Leaving Lago Maggiore by train from Stresa, we headed to Verona via a change of trains in Milan’s sprawling central station. Located about midway between Milan and Venice, the history and architecture of Verona provided an intriguing reason to explore its ancient streets. Its city center has been named a UNESCO World Heritage Site. I have yet to be disappointed by spending time in UNESCO sites and will seek them out whenever possible.
Verona’s origins are as obscure as the origin of its name. It became a Roman colony in 89 BCE and later a full Roman city. From what I read, the foundations of the current city stand upon the virtually intact Roman city with the cellars of many houses and palazzos accessing Roman ruins.
Verona’s history through medieval and early renaissance times is the usual convolution of wars, ambition, plague and shifting alliances. Cangrande I gained power in 1308 and brought under his control Padua, Treviso and Vicenza. Being a patron of the arts, he gave protection to the great Italian poets Dante and Petrarch and the painter and architect Giotto.
Shakespeare used it as a setting in two of his plays, Two Gentlemen From Verona and of course, Romeo and Juliette.
The city came under Austrian power in 1508, was decimated by plague in the early 1600’s when 2/3’s of its population died. Verona was occupied by Napoleon in 1797 and bounced back and forth between Napoleon, Austria and other kingdoms, finally becoming part of the Kingdom of Italy in 1866.
Fascism brought a dark chapter to Verona’s history during World War II when many of its Jews were shipped off to Nazi concentration camps. Allied troops and anti-fascist elements were tortured and incarcerated within the city.
Today, Verona is a vibrant, colorful city, with beautifully preserved streets and architecture. It is nestled along the wide banks of the Adige river and lies close to lovely Lago Garda and the foothills of the Alps to the north.
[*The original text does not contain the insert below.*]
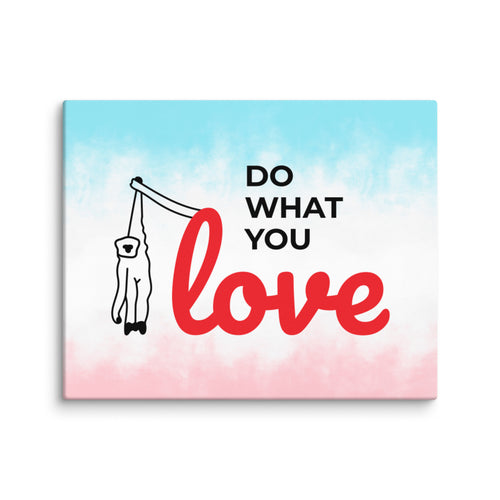 Motivational poster with 'Do What You Love' text and a sloth icon on a gradient background.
The ancient Roman Arena built in 30 CE dominates the main piazza. We just missed the summer season of operas held when the arena becomes the beautiful settings for Verona’s major operatic festival. Still, there is much to see, do and experience. Because it is such and interesting and beautiful city, our two days in Verona were totally insufficient.
Wandering the streets of the old city, I found many interesting images. These photographs are some of the best I did on our trip.
Riding to work in the Piazza Bra at dawn.
A mix of architectural periods illustrates Verona’s over 2,000 year history.
Along the Adige.
The narrow, ancient streets of Verona old city are very pedestrian friendly. The shopping rivals Milan for luxurious and very expensive fashion.
Don’t you think this armoir would make a lovely addition to any bedroom room?
I’ve been playing with a technique that could convey some of the ancient feel within Verona. This one and the one below capture something more iconic.
Climbing the hill to Castell San Pietro.
Overlooking a part of Verona from the Castell San Pietro. A night-time, dusk or dawn view on a clear day would be beautiful.
Juliette’s balcony. Okay, it’s not the one they call her balcony. Then again, neither is the fraudulent balcony they perpetrate on the tourists. Not only was she a figment of Shakespeare’s brilliant imagination, but the eponymous balcony was added to the house in 1936, hundreds of years after she would have lived had she been real. You can also visit “Juliette’s Tomb”.
And finally, a Black and White HDR image of the Torre Lomberti just off the Piazza della Erbe, another of Verona’s icons.